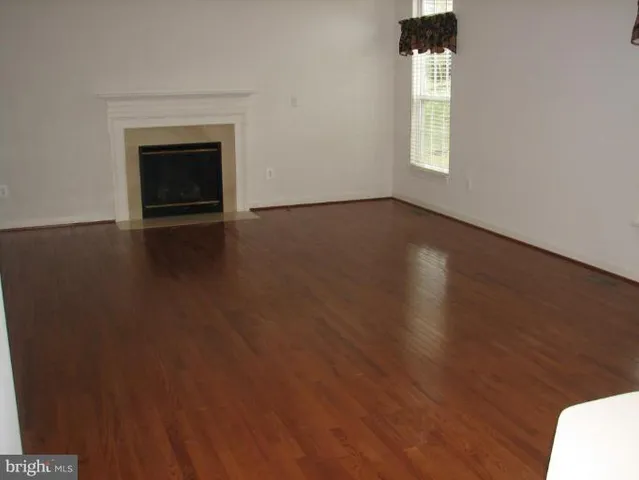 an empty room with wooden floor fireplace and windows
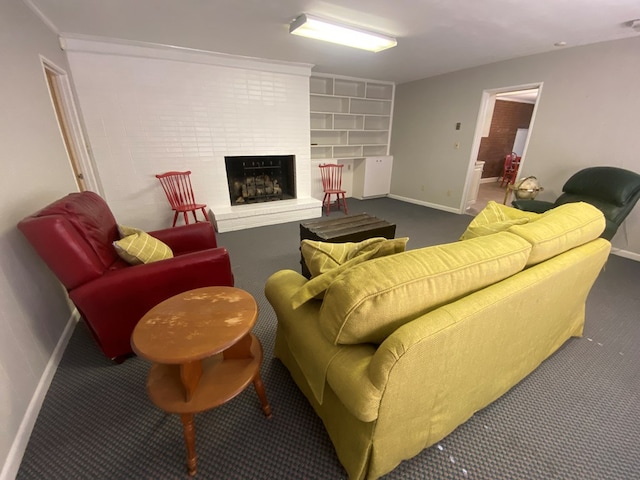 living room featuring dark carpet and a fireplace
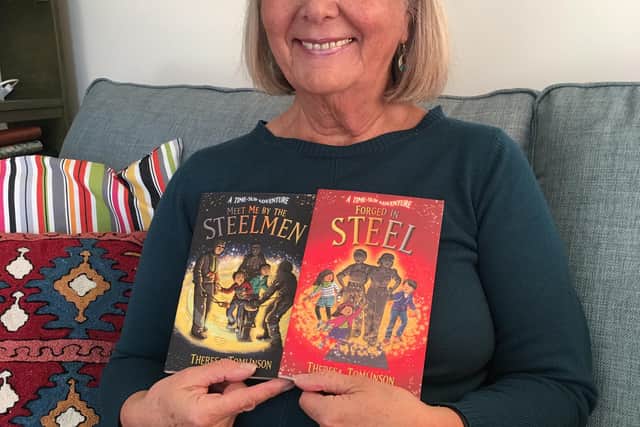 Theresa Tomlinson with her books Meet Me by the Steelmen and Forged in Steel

* * *

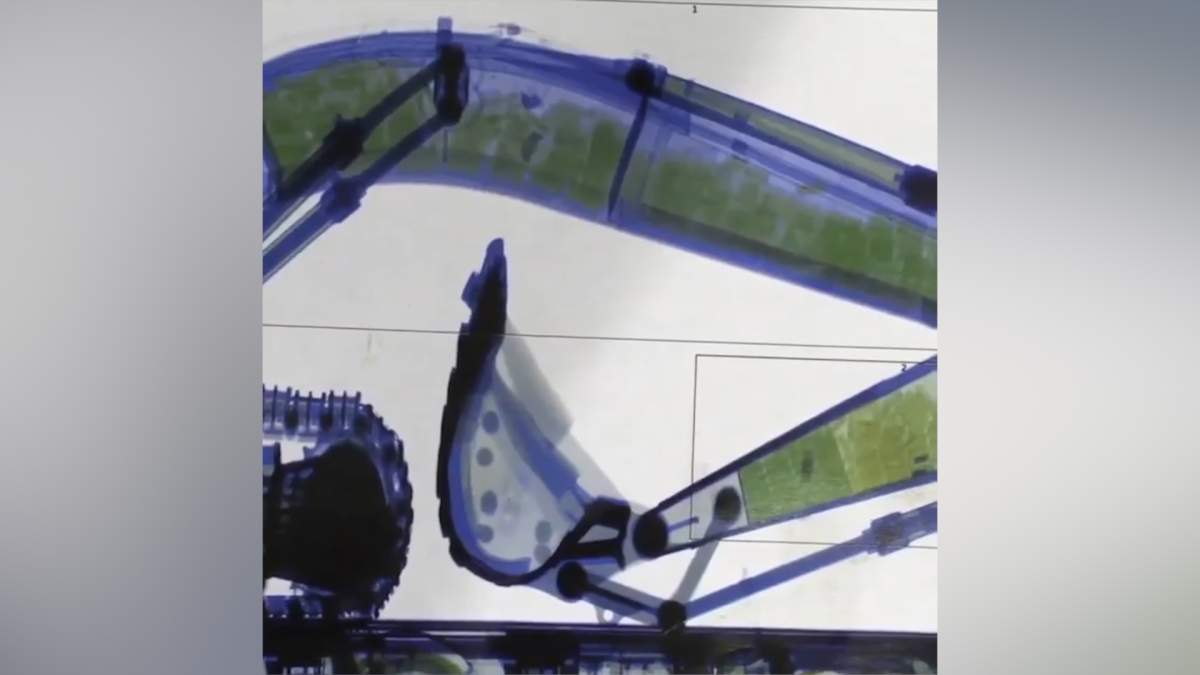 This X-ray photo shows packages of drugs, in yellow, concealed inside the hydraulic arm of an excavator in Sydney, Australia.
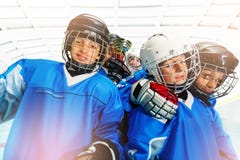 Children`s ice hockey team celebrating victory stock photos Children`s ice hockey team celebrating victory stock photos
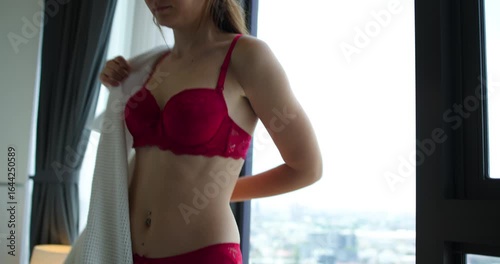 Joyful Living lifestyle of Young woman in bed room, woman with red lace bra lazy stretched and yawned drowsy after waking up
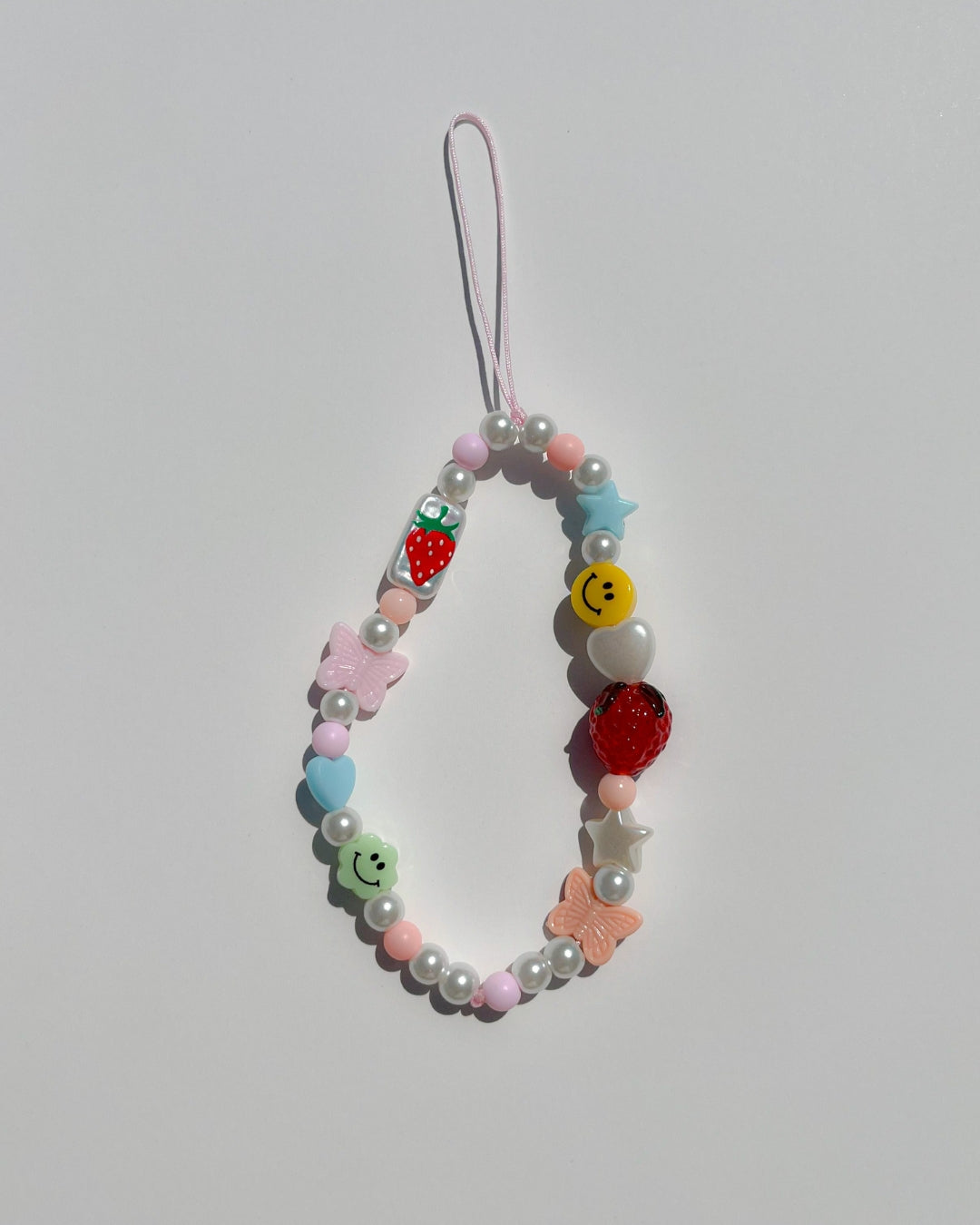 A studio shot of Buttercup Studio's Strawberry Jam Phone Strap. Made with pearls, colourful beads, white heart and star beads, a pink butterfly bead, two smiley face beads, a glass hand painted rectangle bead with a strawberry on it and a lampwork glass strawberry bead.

• **TASK DIRECTIONS**
Within these entries, output exactly the lines starting at the one with "Joyful Living lifestyle" and finishing at the one with "A studio shot". Leave pictures out of the output.

• **WRITTEN SOLUTION**
 Joyful Living lifestyle of Young woman in bed room, woman with red lace bra lazy stretched and yawned drowsy after waking up
 A studio shot of Buttercup Studio's Strawberry Jam Phone Strap. Made with pearls, colourful beads, white heart and star beads, a pink butterfly bead, two smiley face beads, a glass hand painted rectangle bead with a strawberry on it and a lampwork glass strawberry bead.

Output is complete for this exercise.